Mis à jour le 10 décembre 2019
Publié le 10/12/2019 à 4:30 , , , , ,
BBC Afrique credit

Dans l’un des plus grands bidonvilles d’Afrique situé au sud de la capitale, Nairobi, femmes et filles ont choisi de se mobiliser pour contrer le fléau du harcèlement sexuel dans les rues kenyanes. Souvent qualifié d’avant-garde dans les domaines des télécommunications et technologies, le Kenya se distingue cette fois dans le domaine social. À travers une campagne intitulée « Chalk Back », les jeunes femmes écrivent à la craie leurs propres expériences dans les rues et font du porte-à-porte pour sensibiliser la population.

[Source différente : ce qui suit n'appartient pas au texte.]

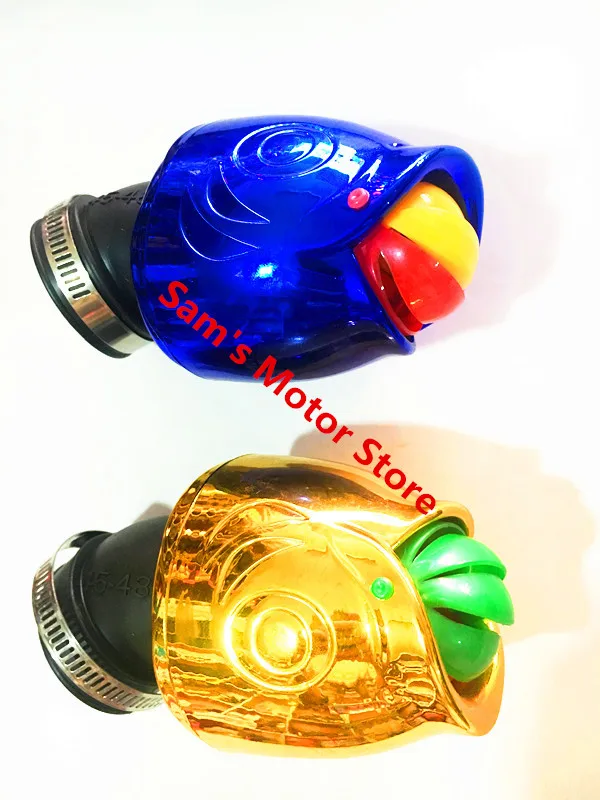 

FORCE JOG GY6 125CC 152QMI 157QMJ 45-48MM Modification Racing Scooter Motorcycle Air Filter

Le Code Pénal définit le harcèlement sexuel comme « le fait d’imposer à une personne, (…) des propos ou comportements à connotation sexuelle ou sexiste qui : portent atteinte à sa dignité en raison de leur caractère dégradant ou humiliant, ou créent à son encontre une situation intimidante, hostile ou offensante ». Des mots suggestifs, des gestes parfois, tel est le quotidien de nombreuses africaines. Si on le relève souvent dans les sphères privée et professionnelle, le harcèlement sexuel existe aussi dans la rue. Il est très répandu en Afrique et se perpétue en partie grâce à la loi du silence.

À Kibera, l’un des plus grands bidonvilles d’Afrique, une femme a décidé de lever le voile sur ce tabou et dire « stop » au harcèlement sexuel dans les rues. Dans une interview accordée à BBC Afrique, Zubeida Yusuf se confie et raconte la genèse du mouvement « Chalk black ». C’est symboliquement dans ces mêmes rues où elles subissent le harcèlement sexuel, que Zubeida Yusuf invite les femmes à s’exprimer en laissant un peu partout des messages à la craie, ou au feutre, destinés à leurs tourmenteurs. La jeune femme qui a vécu toute sa vie à Kibera explique que le harcèlement sexuel dans les rues a toujours rythmé sa vie et celle d’autres femmes. « Les hommes disent des choses comme : tu es très grosse (…) Dieu a-t-il utilisé son dernier morceau d’argile sur toi ? parce que tu as de gros seins et un gros derrière » explique-t-elle. Des paroles inélégantes qui peuvent à la longue avoir un impact psychologique sur les jeunes femmes qui les subissent, explique la jeune kenyane de 22 ans. « C’est beaucoup pour nous quand nous marchons ici » soutient-elle.

« Ça affecte l’estime de soi. Quand je m’assois seule, je me demande : « Suis-je vraiment aussi nulle ou aussi laide que cette personne l’a dit ? » confie également Caroline Mwikali à BBC. La jeune femme de 20 ans, résidente de Kibera, déplore que les auteurs de tels propos négligent les conséquences morales et psychologiques de leurs mots, regards et attitudes.

Avec le temps, Zubeida Yusuf explique qu’elle a appris à se défendre et aide d’autres femmes à faire entendre leurs voix dans des situations où beaucoup se sentent impuissantes. Elle aspire à devenir le porte-parole des plus jeunes et des plus fragiles. Elle parcourt ainsi la ville, de porte en porte, afin de sensibiliser la population et espère que la campagne « Chalk black » suscitera une prise de conscience à l’échelle nationale.

Selon l’Organisation des Nations Unies, « l’absence de données et de politiques nationales concluantes (…) sur le harcèlement de rue dans les pays est l’un des nombreux défis à relever pour combattre ce problème et assurer la sécurité des filles et des femmes dans les espaces publics ».

Dans les rues, l’éveil est en marche. Des messages tels que « Pourquoi les femmes ne pourraient pas être valorisées ? » ou « Respectez mon corps » jonchent sols et murs de Kibera. Ils semblent faire effet puisque depuis leurs révélations, des hommes se rassemblent confient Zubeida et Caroline.